The night air breezed in from the window, washing away the odour of perspiration with the cold, clear scent of fresh rain. Will searched for other signs of his earlier panic, but there were none. The bed had been remade with fresh sheets and pillowcases. Molly was folding up their clothes and stacking them on her hope chest in neat piles. "There's Aspirin and water for you there on the table," she said. "I also put the kettle on downstairs in case you wanted a cup of tea."
Will tried not to ask how she did it. How she acted as if this was normal. He had lived with nightmares his entire life and he still couldn't respond this normally to them. "Water's good. Thank you," he managed to reply. He took two tablets out of the bottle and drank them down.
Molly brushed up beside him and ran a hand over his cheek. "You feeling better?"

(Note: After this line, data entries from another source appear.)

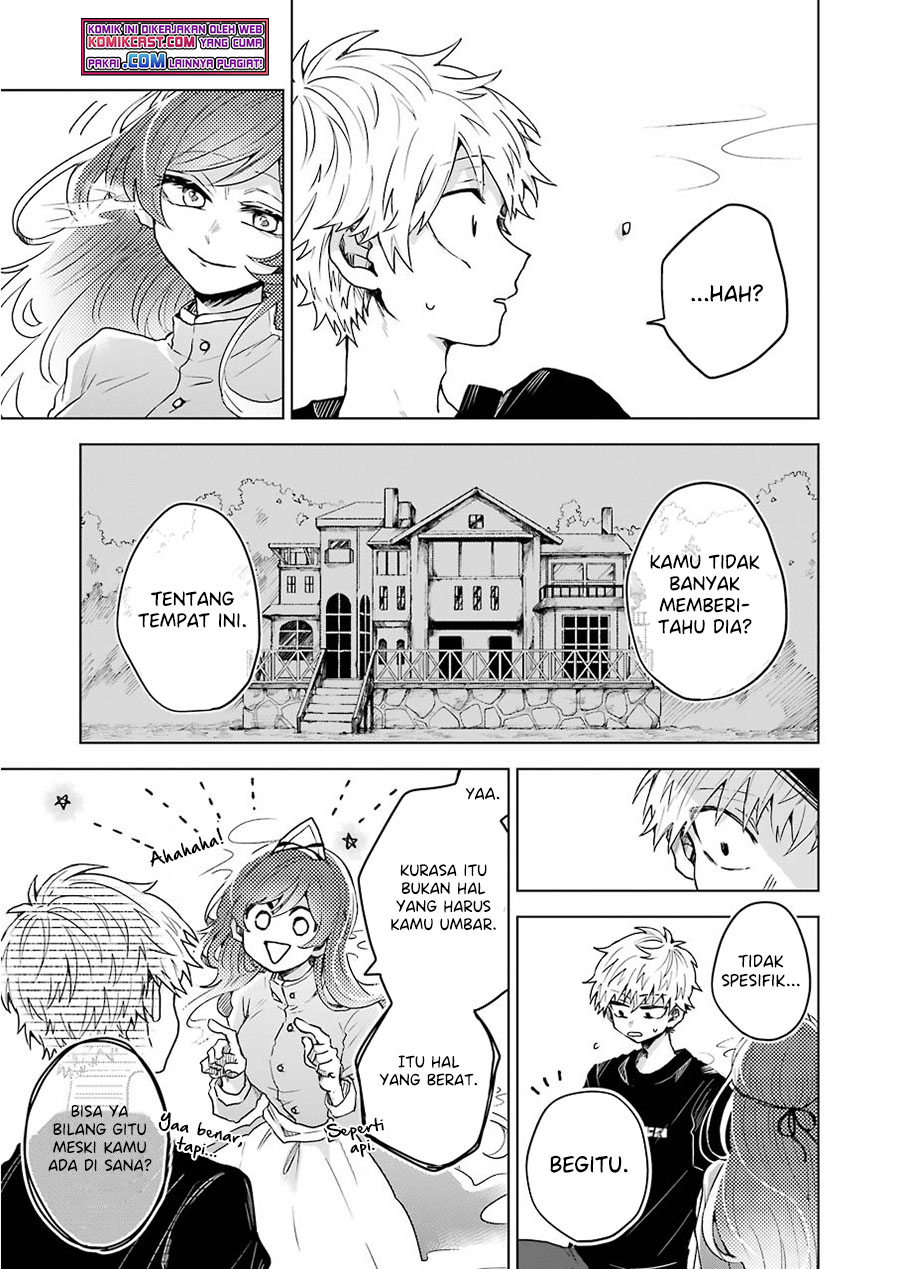 25-ji no Ghost Writer Chapter 7 Gambar 12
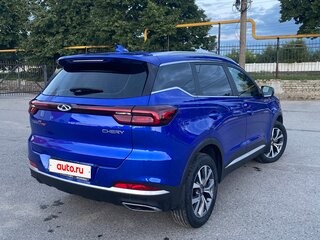 2022 Chery Tiggo 7 Pro I, синий, 1500000 рублей, вид 5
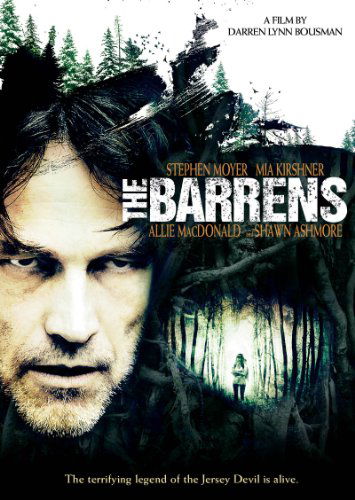 Cover for Barrens (DVD) (2012)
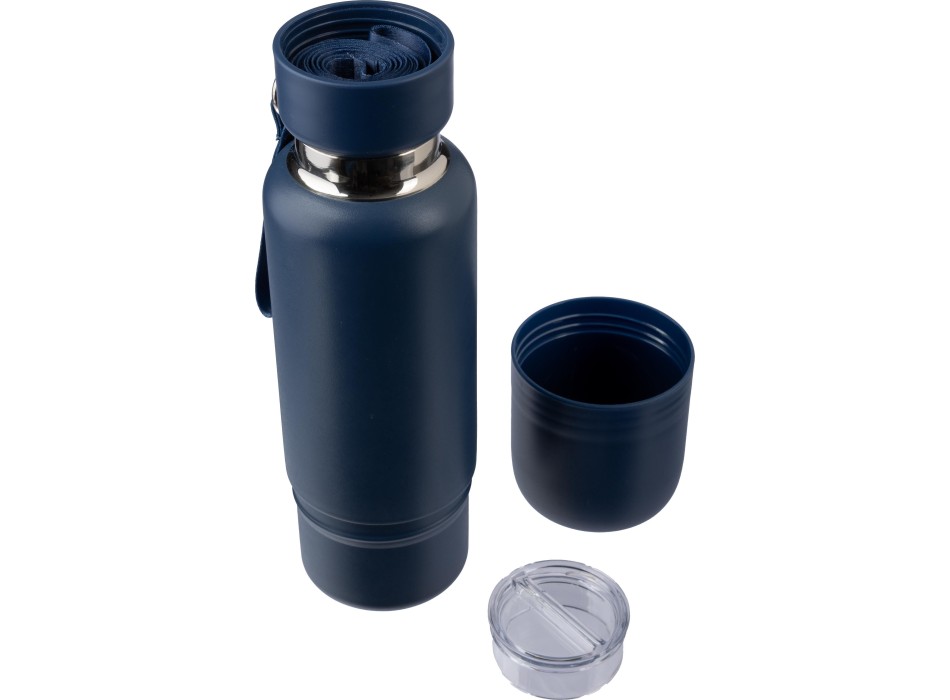 Borraccia termica in acciaio inox 304 capacità 500 ml Lieselotte FullGadgets.com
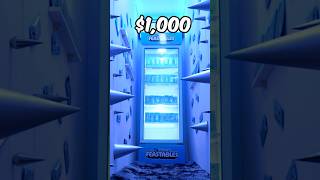 0 VS 10000 Secret Room spd secret secretroom feastables MrBeast [upl. by Airetak]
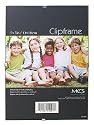 MCS Glass Clip Picture Frame for a 8.5" x 11" Photograph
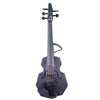 OpenFab Strata 5-String Acoustic-Electric Violin with Starfish Designs pickup and Modular Scroll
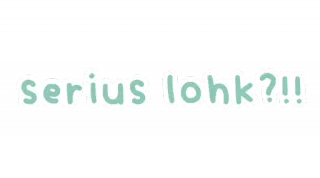 💜 serius lohk?!! indonésio, pergunta, sério, exclamação telegram sticker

Oh, if only she knew. Will smiled somewhat sardonically and nodded. "Little bit."
"You look better," she removed her hand. "Your colour's back. Temperature's down too. Do you still want to go home?"
No. "I want to do whatever you want to do."

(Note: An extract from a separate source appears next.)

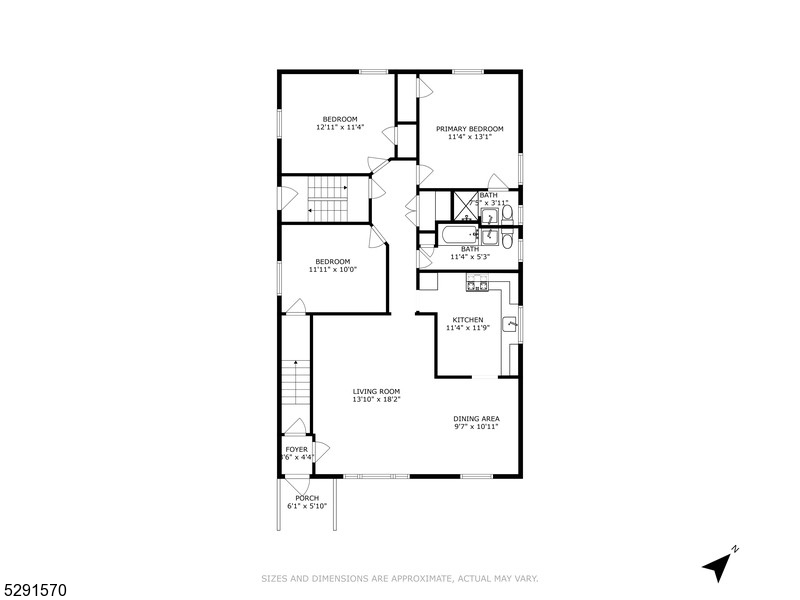 Main image without alt text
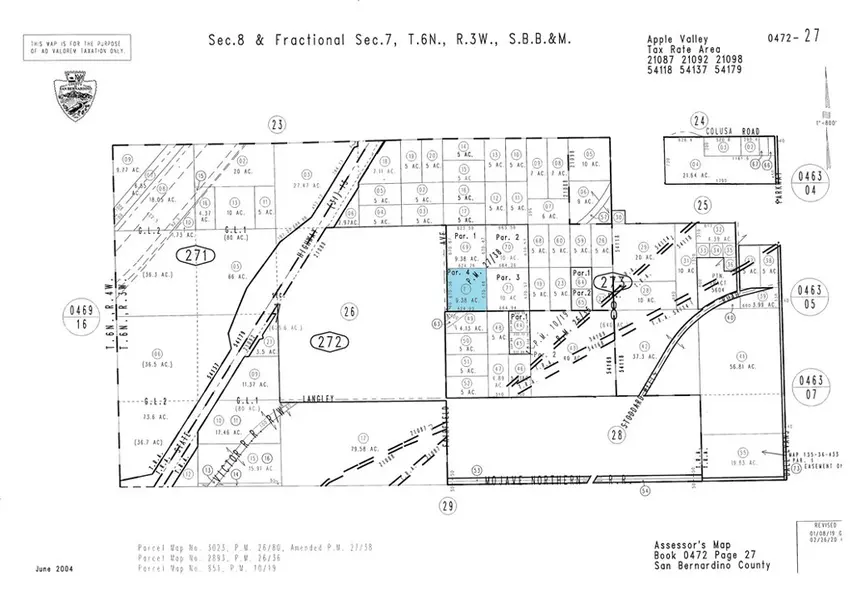 0 Fairfield Ave, Apple Valley, CA 92307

"I want to go back to bed," she shrugged, "but if you'd rather go back to your own bed..."
"I'd..." Will swallowed hard. He had already screwed this up enough. He should just go home. Back to the empty bed that still tingled with Georgia Madchen's presence; back to the mattress he shared with Elyse Nichols; to wrapping himself up in musty towels after awakening... "I'd like to stay. With you. If that's...if that's okay."
The dogs would be fine without him. Dogs didn't have nightmares.
Molly smiled softly and gave a single nod. "I'd like you to stay too."
"I'm sorry for falling asleep earlier."
"You're tired," she shut the window.
"Yeah, I'm tired," he tried not to laugh. It was funny to hear someone say it so simply and mean it that way though. Everybody else carried all the assumptions about him in their speech. Molly didn't come with any hidden meanings; she didn't use double speak or euphemisms. She really was just saying that he was tired.
He slid back under the covers with her, negotiating the space of the bed with more care now that they were actually just trying to get some sleep. Molly turned out the light, but the darkness seemed different now that Will had his bearings. Less predatory, more comforting: the disorientation was gone, as was the accompanying panic and threat of a blackout. He got bold in that moment. If this was going to be his last night with Molly Foster, and she had every right to walk away, Will at least wanted one last good memory to hold onto.
He had his hand halfway between them when Molly slid towards him. Her torso rested on his arm. "Is this okay?" she asked.
Will hadn't realized he'd stiffened until then. It was fine when he initiated contact with others – rare as those instances were – but having someone else initiate it still made him freeze. "Yeah," he wished he could sound surer of himself, but there was no way to do that with his heart in his throat. "Yeah, this is fine."
"Because I can-"
"Well, so can I-"
He took a deep breath and inched closer. Not so close that he felt invaded, but not so far that her arms could no longer reach around him. Which they did, lightly, just enough to keep him anchored. Will didn't need to look back at the clock anymore. He didn't need to tell himself he was in Great Falls. And after she breathed, "Good night, Will," he knew exactly who he was.